Job’s views on this subject are full of depth and passion. As soon as Bildad gets a chance to speak, however, it is obvious that all of Job’s unsettling eloquence has been wasted on him. If Eliphaz strikes us as the most refined member of this group, comparatively flexible and sophisticated, then Bildad the Shuhite comes across as the staunch, ramrod traditionalist, the one who sees all issues in black and white and who prides himself on his straightforward, no-nonsense approach. He is the kind of person whose mind is already made up—not only on every important question but on many unimportant ones as well—and whose faith is a simple matter of sticking doggedly to the old catechism of tried-and-true answers. As he himself puts it, “Ask the former generations and find out what their fathers learned, for we were born only yesterday and know nothing” (8:8-9).

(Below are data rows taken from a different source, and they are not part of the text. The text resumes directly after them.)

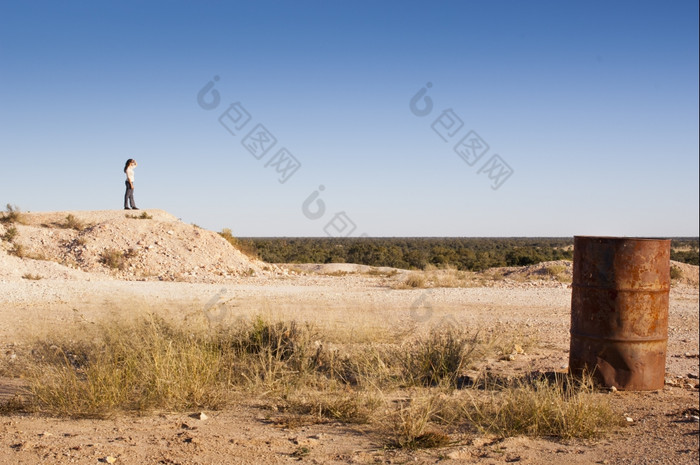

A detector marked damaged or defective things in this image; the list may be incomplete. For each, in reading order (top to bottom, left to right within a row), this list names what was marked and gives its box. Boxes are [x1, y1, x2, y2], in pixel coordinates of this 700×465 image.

rusty metal barrel [572, 234, 668, 390]
corrosion stain on barrel [568, 236, 672, 388] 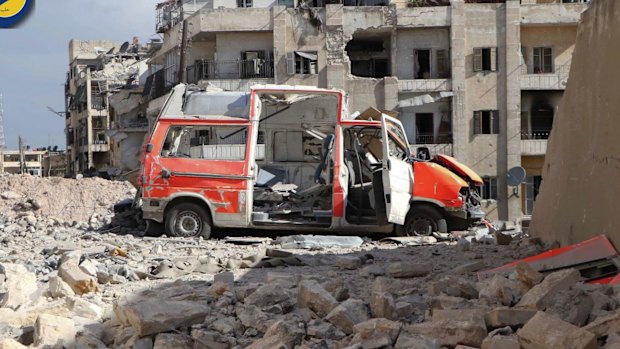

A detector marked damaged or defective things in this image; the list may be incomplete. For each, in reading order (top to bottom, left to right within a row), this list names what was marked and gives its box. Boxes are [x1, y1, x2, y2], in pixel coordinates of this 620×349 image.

broken window [284, 50, 314, 74]
broken window [474, 47, 498, 72]
broken window [532, 47, 552, 73]
damaged apartment building [64, 38, 161, 177]
damaged apartment building [137, 0, 592, 220]
broken window [474, 110, 498, 135]
broken van window [161, 125, 248, 160]
broken window [162, 125, 249, 160]
destroyed van [139, 83, 484, 238]
damaged vehicle body panel [139, 83, 484, 238]
broken window [480, 178, 498, 200]
broken concrete slab [296, 278, 336, 316]
broken concrete slab [388, 260, 432, 278]
broken concrete slab [512, 268, 580, 308]
broken concrete slab [116, 298, 211, 336]
broken concrete slab [520, 310, 600, 348] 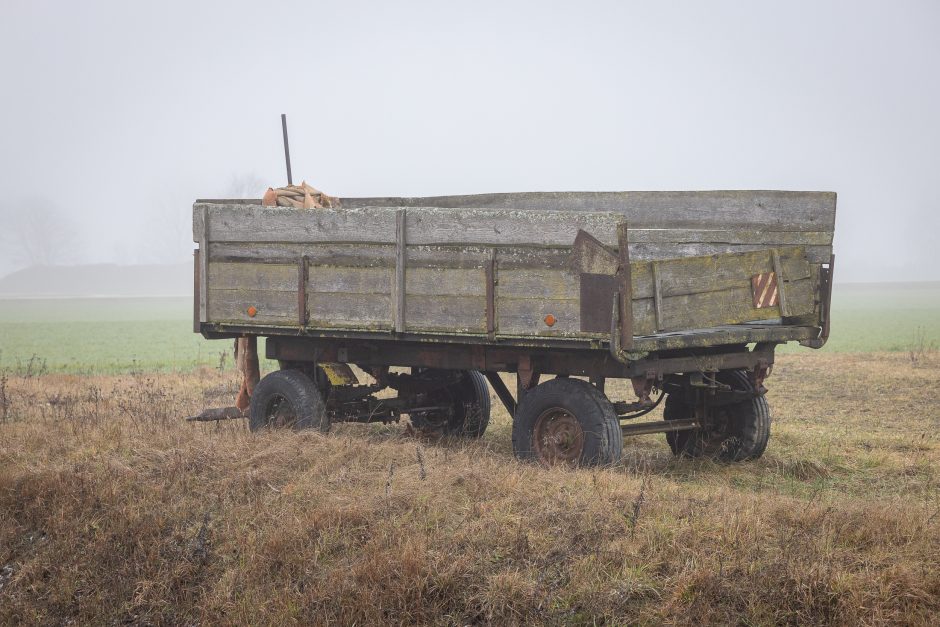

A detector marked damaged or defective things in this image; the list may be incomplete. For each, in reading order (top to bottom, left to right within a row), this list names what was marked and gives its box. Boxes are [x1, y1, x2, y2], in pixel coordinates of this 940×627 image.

rusty wheel rim [532, 408, 584, 466]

People who place such heavy reliance on tradition show that they have little in the way of a personal relationship with the Lord. Bildad implies that Job’s faith is like “relying on a spider’s web. He leans on his web, but it gives way” (8:14-15). Yet Job is not leaning on a spider’s web at all but upon the living God. The real question is: What is Bildad leaning on? Is it anything more than a carefully-constructed little cairn of precious nuggets that he picked up in “Sunday school” years before? A man like Bildad has no stomach for the sort of dubious spiritual battle in which Job is embroiled. To him Job’s complex ruminations are nothing but a load of double-talk and he tells him so outright: “Your words are a blustering wind.” But Bildad’s own bluster and rhetoric give him the lie.

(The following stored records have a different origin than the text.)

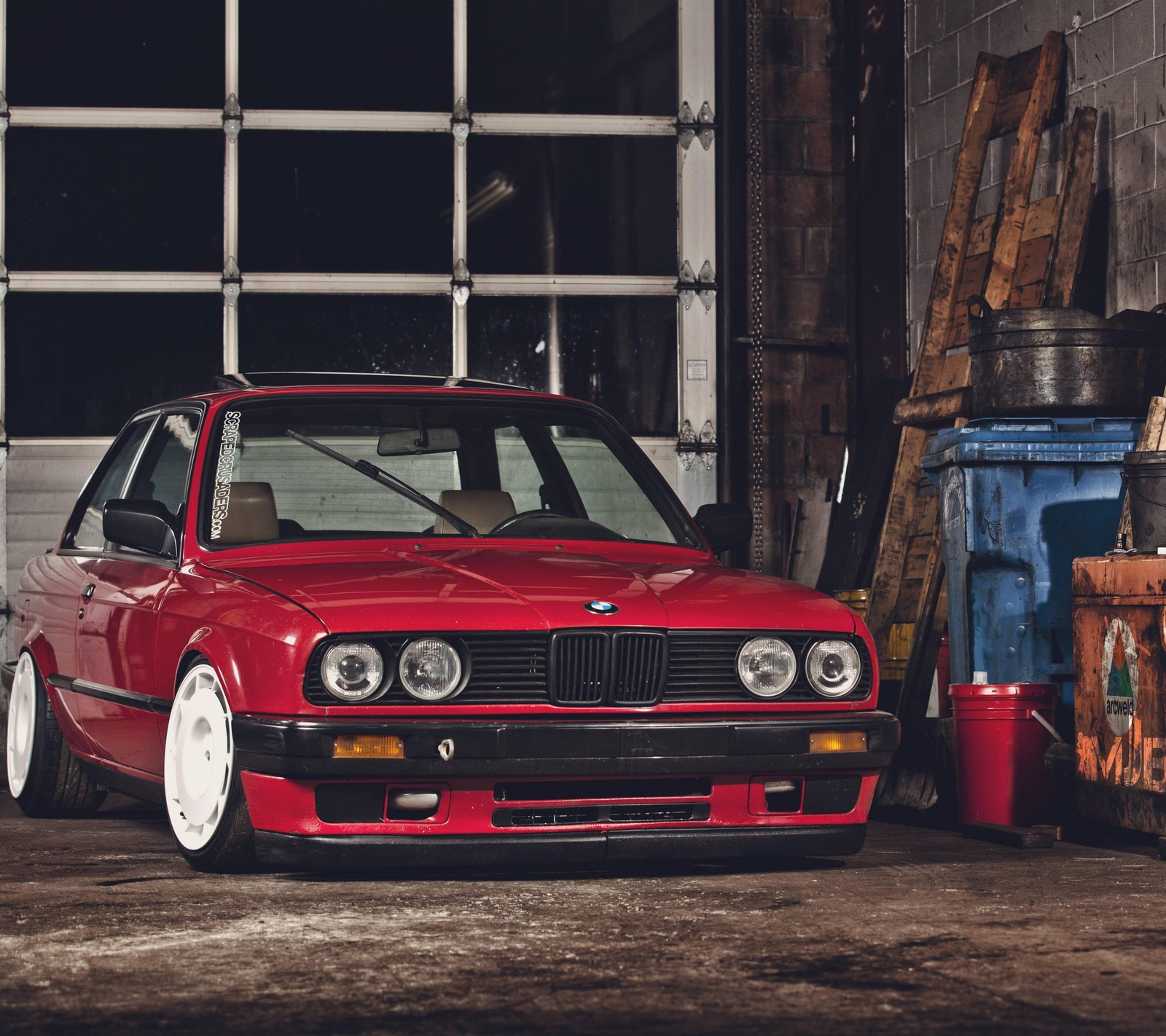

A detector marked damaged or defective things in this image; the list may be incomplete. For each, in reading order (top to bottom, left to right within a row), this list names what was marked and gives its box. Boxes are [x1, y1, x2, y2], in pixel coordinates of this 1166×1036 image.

orange rusty metal crate [1077, 557, 1166, 834] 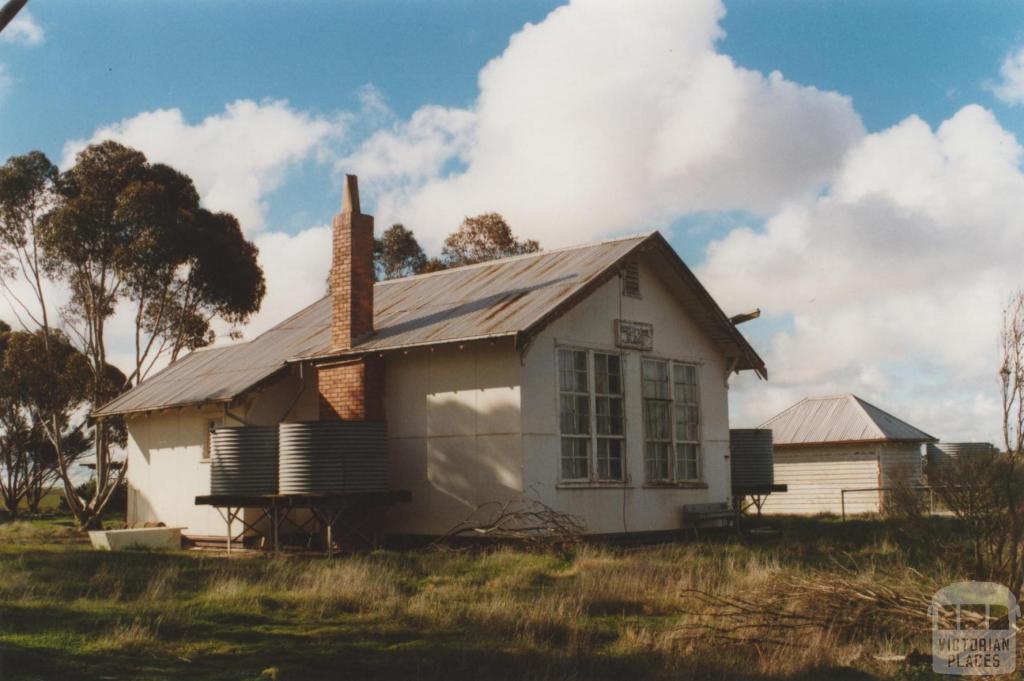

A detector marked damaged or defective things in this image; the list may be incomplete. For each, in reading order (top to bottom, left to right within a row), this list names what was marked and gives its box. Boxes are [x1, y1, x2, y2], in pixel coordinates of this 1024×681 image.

rusty roof panel [760, 394, 936, 446] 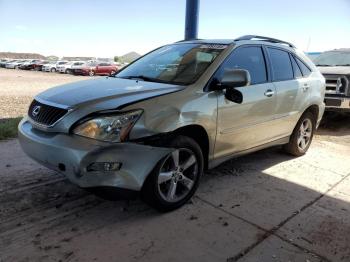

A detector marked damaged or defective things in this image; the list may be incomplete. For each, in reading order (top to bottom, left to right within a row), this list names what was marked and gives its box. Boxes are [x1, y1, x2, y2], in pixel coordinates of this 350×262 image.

damaged front bumper [18, 118, 173, 190]
cracked headlight [73, 110, 143, 143]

Having painted such a negative portrait of Bildad, we should hasten to add that there is a danger in being too condemning of Job’s friends. Pharisee-bashing can be such entertaining sport. There is something eminently satisfying about rooting out hypocrites and throwing them to the lions; it makes the rest of us feel like such shining saints. Yet how many have gone on witch hunts only to be tainted by witchcraft themselves? And are we really so confident that we can distinguish the diehard legalist who is a dangerous enemy of true faith from the immature believer who is our brother in Christ? This is the riddle that constantly confronts us in the friends of Job and, more importantly, in the people we know who may be like them. Indeed it is the riddle that confronts us in the depths of our own souls. We step over a line into the Kingdom of God, but there is no line we can step over and suddenly be transformed into mature, loving people.

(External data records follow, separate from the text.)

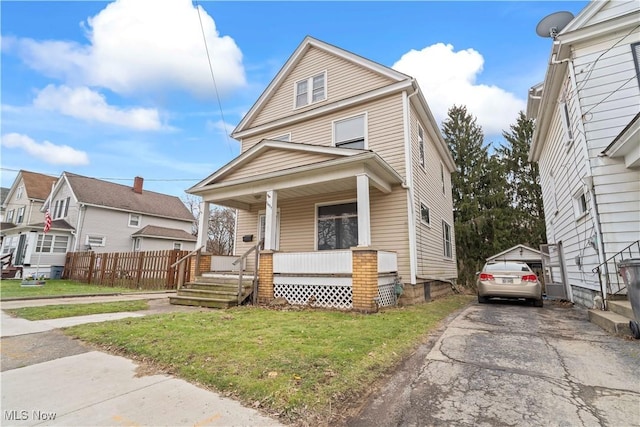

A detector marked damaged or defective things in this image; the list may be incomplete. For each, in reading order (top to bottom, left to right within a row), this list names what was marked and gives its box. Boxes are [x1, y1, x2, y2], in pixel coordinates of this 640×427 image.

cracked driveway [348, 300, 640, 427] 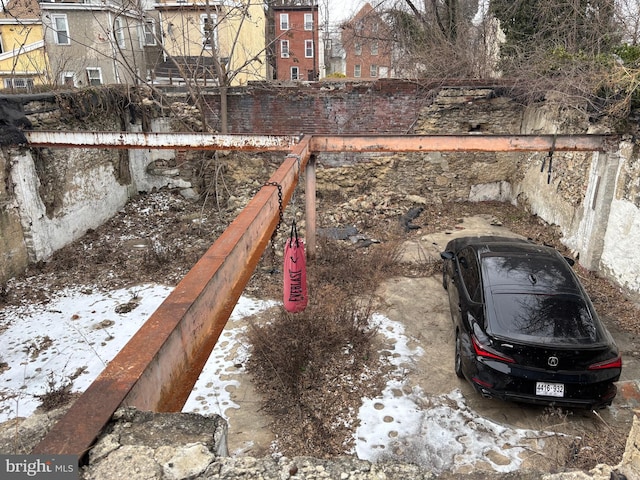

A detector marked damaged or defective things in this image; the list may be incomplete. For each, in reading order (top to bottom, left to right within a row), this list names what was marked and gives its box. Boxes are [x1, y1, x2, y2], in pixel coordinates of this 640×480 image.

rusty steel beam [22, 129, 298, 150]
rusty steel beam [312, 133, 620, 152]
rusty steel beam [32, 136, 312, 458] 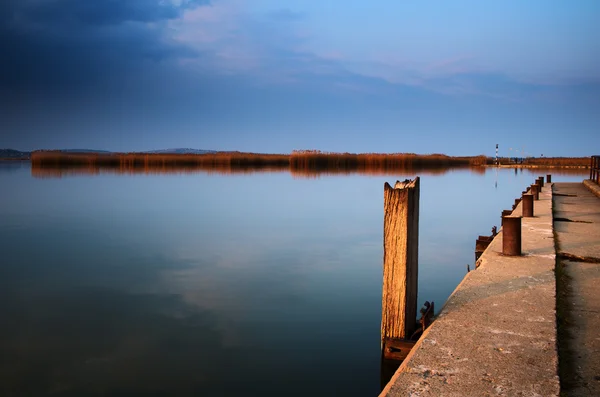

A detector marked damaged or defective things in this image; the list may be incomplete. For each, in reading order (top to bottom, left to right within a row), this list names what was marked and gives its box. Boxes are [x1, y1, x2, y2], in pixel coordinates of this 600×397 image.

rusty bollard [520, 193, 536, 217]
rusty bollard [502, 215, 520, 255] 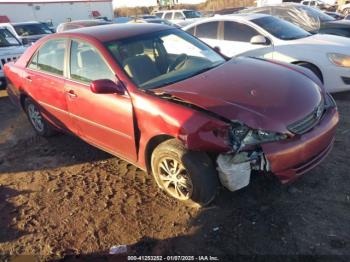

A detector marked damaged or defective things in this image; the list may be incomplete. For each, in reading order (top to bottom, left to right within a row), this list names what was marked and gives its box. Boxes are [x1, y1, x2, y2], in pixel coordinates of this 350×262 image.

damaged red car [4, 24, 340, 207]
torn fender liner [216, 152, 252, 191]
broken headlight assembly [230, 125, 288, 151]
crumpled front bumper [262, 106, 340, 184] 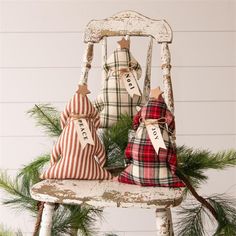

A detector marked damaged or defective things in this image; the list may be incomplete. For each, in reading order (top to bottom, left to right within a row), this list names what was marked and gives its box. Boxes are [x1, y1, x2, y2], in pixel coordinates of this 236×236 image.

chipped white paint [84, 10, 172, 42]
chipped white paint [39, 202, 55, 236]
chipped white paint [155, 208, 173, 236] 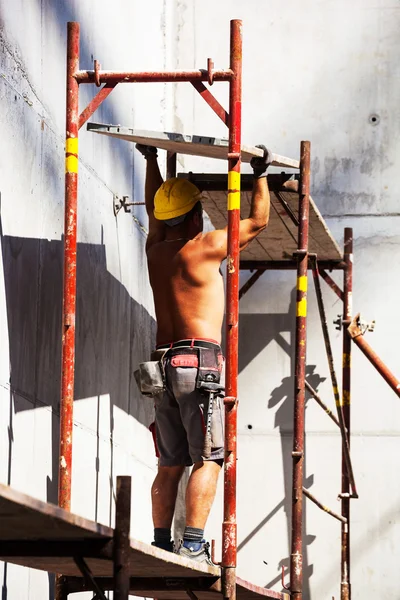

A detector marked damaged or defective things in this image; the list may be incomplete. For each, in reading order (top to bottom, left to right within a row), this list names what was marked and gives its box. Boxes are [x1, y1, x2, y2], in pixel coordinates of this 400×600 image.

rusty metal platform [87, 123, 300, 168]
rusty metal platform [180, 175, 342, 266]
rusty metal platform [0, 482, 288, 600]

In reading Job, just as in reading any complex work of literature, the most profit is to be gained not so much from identifying ourselves strongly with one character or another, but from seeing the different characters as aspects of ourselves, as windows into our own psyches. By depicting a highly subtle form of religious hypocrisy in the friends of Job, the book helps us identify pharisaism and see it for what it is—not only in others, but in ourselves. Surely this is how Jesus’ stern warnings against the Pharisees are to be received by Christians. Not only did the Master instruct His disciples, “Leave them; they are blind guides” (Matt. 15:14), but He also told us to “be on your guard against the yeast of the Pharisees” (Luke 12:1)—that is, to be on guard against our own legalistic tendencies. If we cannot see the yeast of the Pharisees in ourselves, it may be because we are up to our eyeballs in it.
Mason, M. (2002). The Gospel According to Job: An Honest Look at Pain and Doubt from the Life of One Who Lost Everything. Crossway.